Bill Berke Posted March 26, 2001 Posted March 26, 2001 I agree with rcline - no pay=no play. But in the fact situation we have here, at least one owner has a guaranteed payment. As I remember (vaguely) my income tax rules, the guarantee is treated more like a salary/paid compensation (as opposed to "earned income") for partnership return purposes. I don't think we can dismiss the guarantee out of hand - it does have special rules attached to it and it may be considered income to the owner(s), albeit with a net taxable of zero because of the off-setting K-1 loss described in the facts. I think this is the area that needs to be looked at. If there was no guarantee, then clearly no pay=no play.

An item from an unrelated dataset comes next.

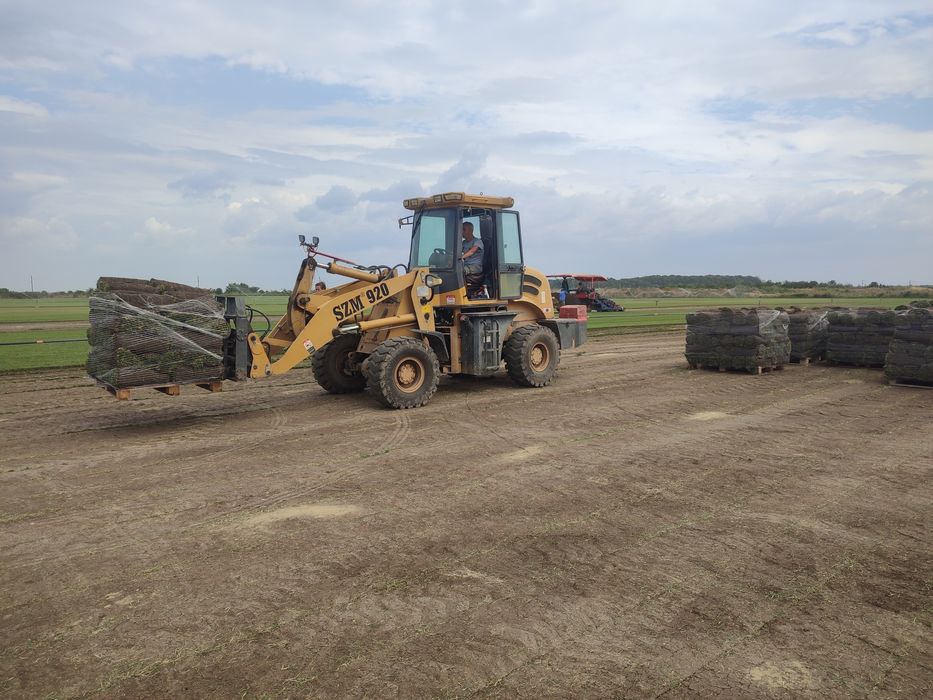 Gazon rulou sport, 24 de lei m2. Transport și montaj inclus în preț.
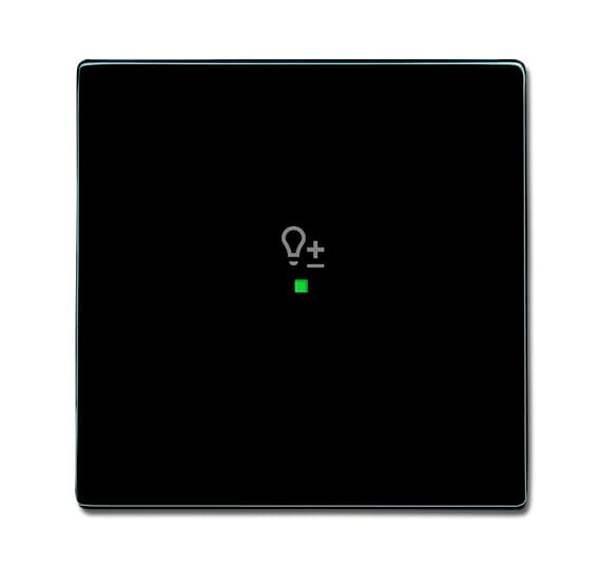 Busch-Jäger 6234-10-81-Wippe 1-fach, mit Symbol Dimmer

BeckyMiller Posted March 26, 2001 Posted March 26, 2001 ERISA person who is also a partnership person, here. The guaranteed payment is simply a special allocation of partnership income. IRC Section 707©. It is possible that allocations under the plan would be made based upon guaranteed payments, rather than net-self employment income. Though it may be tough to prove a non-discriminatory definition of compensation in such case. However, for 415 testing, ADP, deductions, etc. you would have to use the total net self-employment income from the partnership activity in aggregate. See 401©(2), 414(s) and 415©(3)(B).